**Task goal**
Could you transcribe all of the data exactly and skip any pictures?

**Data block**
Segment Open

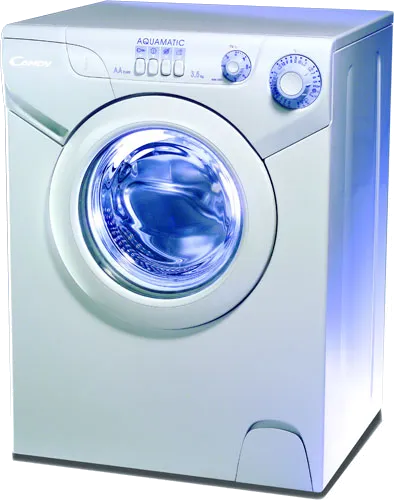 Чистка заливного фильтра-сеточки Candy Aquamatic 600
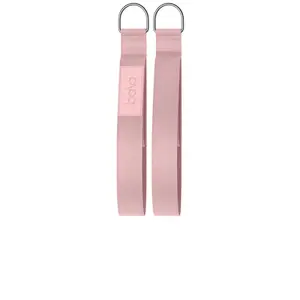bala The Essential Pilates Loops in Blush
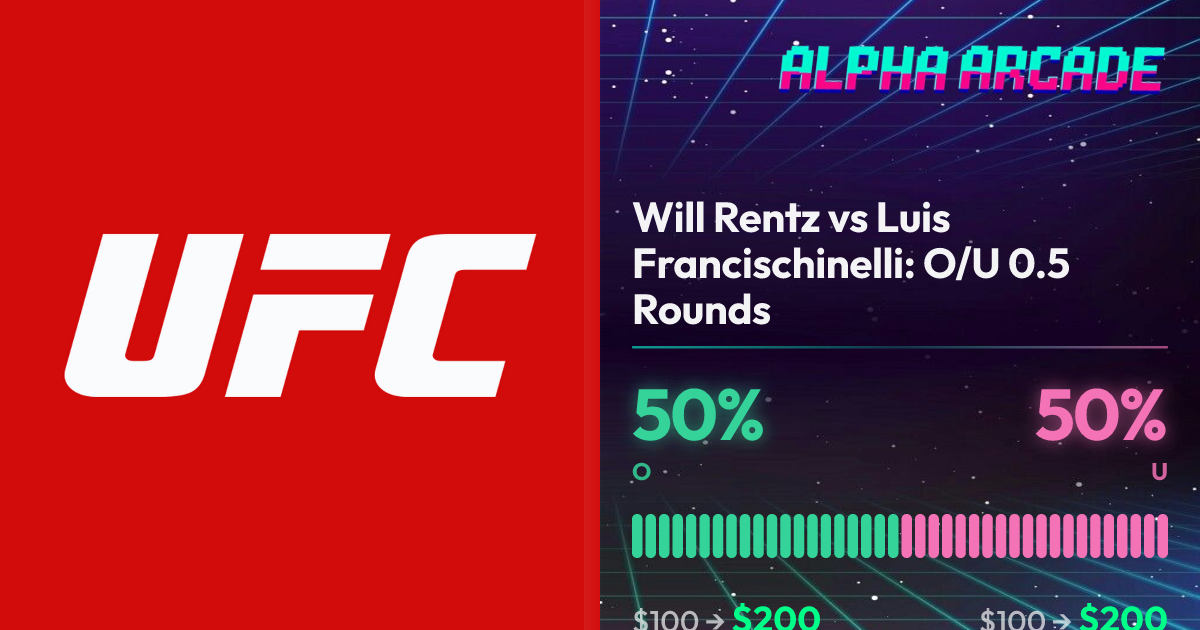 YES 50% / NO 50%
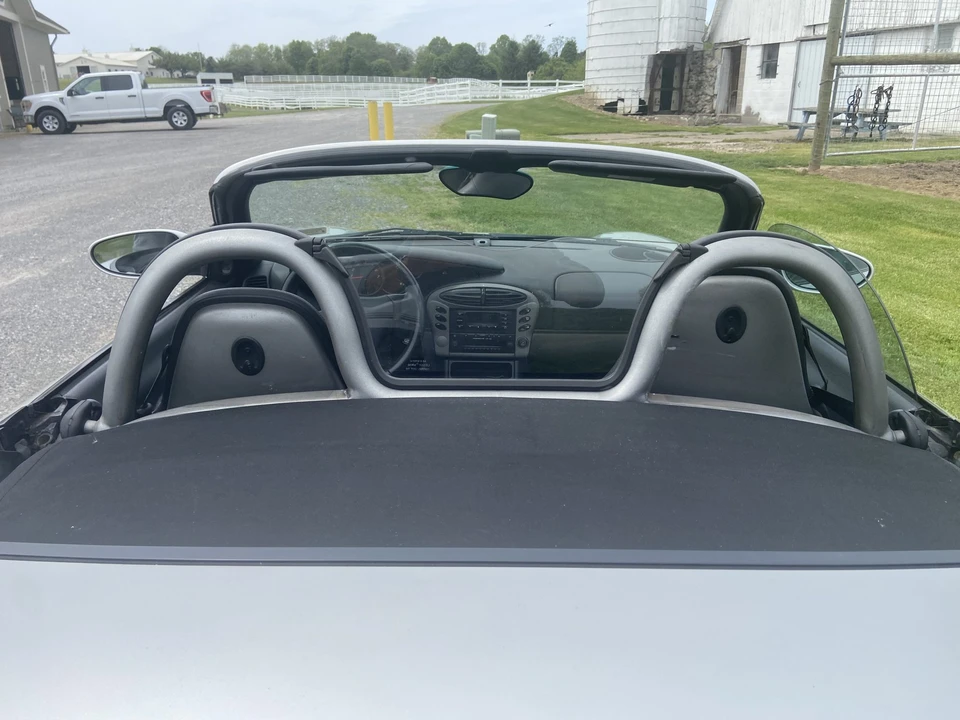 2000 Porsche 986 Boxster - Image 17 of 31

Segment Closed

**Solved problem**
 Чистка заливного фильтра-сеточки Candy Aquamatic 600
bala The Essential Pilates Loops in Blush
 YES 50% / NO 50%
 2000 Porsche 986 Boxster - Image 17 of 31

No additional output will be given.